Information: Begin

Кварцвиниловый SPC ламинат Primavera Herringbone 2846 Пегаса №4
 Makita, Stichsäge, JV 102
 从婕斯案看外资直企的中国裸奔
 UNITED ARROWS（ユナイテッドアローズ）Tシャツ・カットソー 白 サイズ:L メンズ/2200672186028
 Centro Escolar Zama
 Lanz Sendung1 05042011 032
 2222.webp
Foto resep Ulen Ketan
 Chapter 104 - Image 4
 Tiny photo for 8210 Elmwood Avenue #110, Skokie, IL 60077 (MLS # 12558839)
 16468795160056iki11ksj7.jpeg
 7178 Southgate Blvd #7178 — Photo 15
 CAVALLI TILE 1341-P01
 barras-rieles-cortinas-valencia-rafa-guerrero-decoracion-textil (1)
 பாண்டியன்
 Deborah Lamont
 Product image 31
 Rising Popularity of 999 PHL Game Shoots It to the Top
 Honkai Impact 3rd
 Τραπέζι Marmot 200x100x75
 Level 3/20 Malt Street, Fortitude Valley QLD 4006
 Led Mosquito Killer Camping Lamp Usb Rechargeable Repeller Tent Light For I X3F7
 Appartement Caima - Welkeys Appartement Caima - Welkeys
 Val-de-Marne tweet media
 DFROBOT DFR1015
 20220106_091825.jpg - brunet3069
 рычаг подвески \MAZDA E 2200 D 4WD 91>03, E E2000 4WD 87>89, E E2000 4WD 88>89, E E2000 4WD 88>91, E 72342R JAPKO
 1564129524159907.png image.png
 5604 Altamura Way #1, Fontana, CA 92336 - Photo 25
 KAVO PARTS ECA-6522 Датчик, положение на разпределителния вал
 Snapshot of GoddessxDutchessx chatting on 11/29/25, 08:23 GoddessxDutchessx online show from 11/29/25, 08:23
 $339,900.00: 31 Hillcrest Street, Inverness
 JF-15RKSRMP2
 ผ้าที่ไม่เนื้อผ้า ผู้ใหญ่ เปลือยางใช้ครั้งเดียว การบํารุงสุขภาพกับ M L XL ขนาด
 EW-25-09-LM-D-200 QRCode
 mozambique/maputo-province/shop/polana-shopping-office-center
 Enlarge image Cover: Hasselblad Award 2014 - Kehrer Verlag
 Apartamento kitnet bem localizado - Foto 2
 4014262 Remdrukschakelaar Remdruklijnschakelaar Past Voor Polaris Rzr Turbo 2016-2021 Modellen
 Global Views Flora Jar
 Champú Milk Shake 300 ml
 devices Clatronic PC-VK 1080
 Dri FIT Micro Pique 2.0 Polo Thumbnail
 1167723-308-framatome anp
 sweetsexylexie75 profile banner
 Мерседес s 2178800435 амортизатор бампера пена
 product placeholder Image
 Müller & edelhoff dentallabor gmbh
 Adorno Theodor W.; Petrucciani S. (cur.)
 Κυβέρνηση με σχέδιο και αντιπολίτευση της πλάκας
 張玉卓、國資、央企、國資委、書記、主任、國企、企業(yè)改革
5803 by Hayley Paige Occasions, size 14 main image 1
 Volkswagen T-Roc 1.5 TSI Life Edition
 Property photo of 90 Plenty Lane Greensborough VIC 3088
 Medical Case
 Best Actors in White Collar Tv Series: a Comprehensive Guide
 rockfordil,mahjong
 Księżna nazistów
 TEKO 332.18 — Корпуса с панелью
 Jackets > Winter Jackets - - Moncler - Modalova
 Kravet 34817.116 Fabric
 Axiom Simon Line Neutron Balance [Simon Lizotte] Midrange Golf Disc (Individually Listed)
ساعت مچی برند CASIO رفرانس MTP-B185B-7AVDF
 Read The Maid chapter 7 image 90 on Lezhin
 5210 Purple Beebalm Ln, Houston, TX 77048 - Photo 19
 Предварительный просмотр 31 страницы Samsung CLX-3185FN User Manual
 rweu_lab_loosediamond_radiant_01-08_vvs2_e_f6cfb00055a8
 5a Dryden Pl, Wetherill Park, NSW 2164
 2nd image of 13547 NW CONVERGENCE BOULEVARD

Information: End

Assigned task → From the listing above, return each line with the word "Foto".

Exercise response →
Foto resep Ulen Ketan
 Apartamento kitnet bem localizado - Foto 2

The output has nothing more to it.